The following blog has been co-authored by the CareForward Team of Senthil Rajasekaran, Lauren Mazzurco, Christine Matson, Don Robison, Anca Dobrian, Marta Ambrozewicz, Raja Koteeswaran, Mekbib Gemeda, Cindy Cadieux, Carrie Elzie, Arun Mohanram and April Pace
It seems like American Healthcare has been in “crisis mode” since 1900s. Despite so many advances, little has changed in controlling cost and improving value and health outcomes. Even though there is plenty of evidence to suggest that clinical care at its best contributes to only 20% of patient health outcomes and a whopping 80% is determined by socioeconomic and behavioral factors, little is done in medical education to address the 80%. Recently we are witnessing a welcome trend, where undergraduate (UME) and graduate medical education (GME) are seen as part of this solution. At Eastern Virginia Medical School (EVMS) we have implemented our new CareForward curriculum to teach cost, value, and health system sciences in the UME. Realizing the challenges in effectively integrating these complex topics in UME, our team at EVMS has created a set of virtual families, members of which will be represented in the clinical cases that are used in the UME curriculum.

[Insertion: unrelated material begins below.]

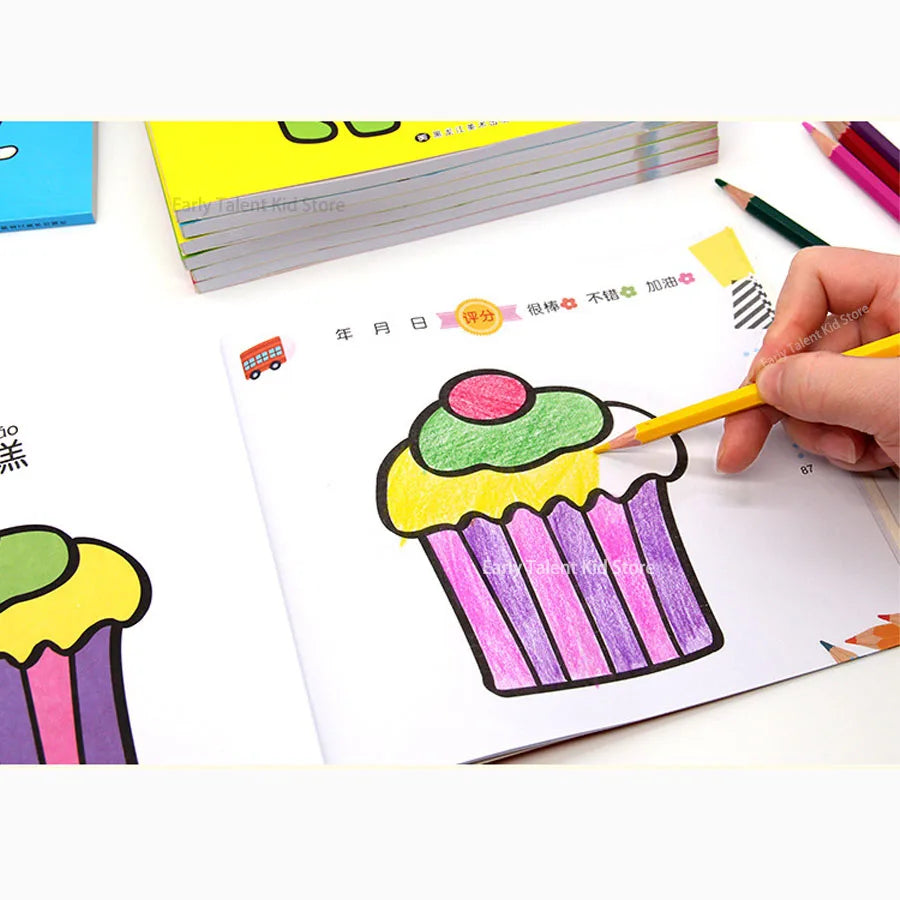 Large Size 92 Page 2-5 Years Old Colour Children Coloring Books Cars Animals Baby Drawing Book School Early Education Stationery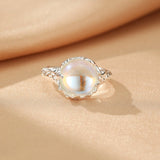 Bague Pierre de Lune Ajustable – Argent S925, Bijou Déco Bureau - Biloria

These virtual families represent diverse patient populations (e.g., age, gender, sexual orientation, ethnicity, race, culture, belief system, literacy level, socioeconomic status and geography), and introduce variables such as veteran affairs, family dynamics, financial turbulence, health equity/disparity, roles within a care delivery team, access to community resources, interactions of organizations and complexities of care in specific patient populations. Each organ system module and clerkship will use longitudinal clinical cases that are drawn from the virtual families.
The virtual families are woven together by stories that bring clinical scenarios to life and highlight patient- and family-centered, cost-conscious care for the unique needs of the elderly and those with multi-morbidity/multiple chronic conditions (MCC), as well as a host of social determinants of health.
For example, instead of a conventional approach to discussing a case of osteoarthritis in an 86-year-old female, in our model the same is discussed in the context of 86-year-old Ms. Christine Pascual, who has unique personal needs and family circumstances. As part of a comprehensive management plan, interprofessional teams that include architects are discussed along with non-steroidal anti-inflammatory drugs as an option to manage pain. Another case with the same person is introduced four months later in the Gastroenterology (GI) and Metabolism module when Ms. Pascual presents with upper GI issues to discuss drug induced gastritis/peptic ulcer. The students are tasked to suggest alternative and cost-effective approaches to manage the disease in this case.
For this innovative model, EVMS has received the AMA Accelerating Change in Education Grant and is honored to be part of the consortium. In addition, the model was also chosen as the winner in the ABIM Foundation and Costs of Care Teaching Value Challenge. Our team also continues to receive requests from other medical schools to share the model.
The Harvard Macy (HM) course on Leading Innovations in Education and the session by Dr. Christensen, where he describes the various types of innovation teams and the modular approach to innovation, continues to be an excellent model upon which the new curriculum process has been developed. Innovations like these require out of the box thinking and creation of autonomous teams that are given the freedom to think and suggest new ways to teach these complex topics. The HM session that emphasizes the importance of process and various types of teams, i.e. functional team light and heavy weight teams and autonomous team gave us the insights into how teams function and importance of team structure in every project.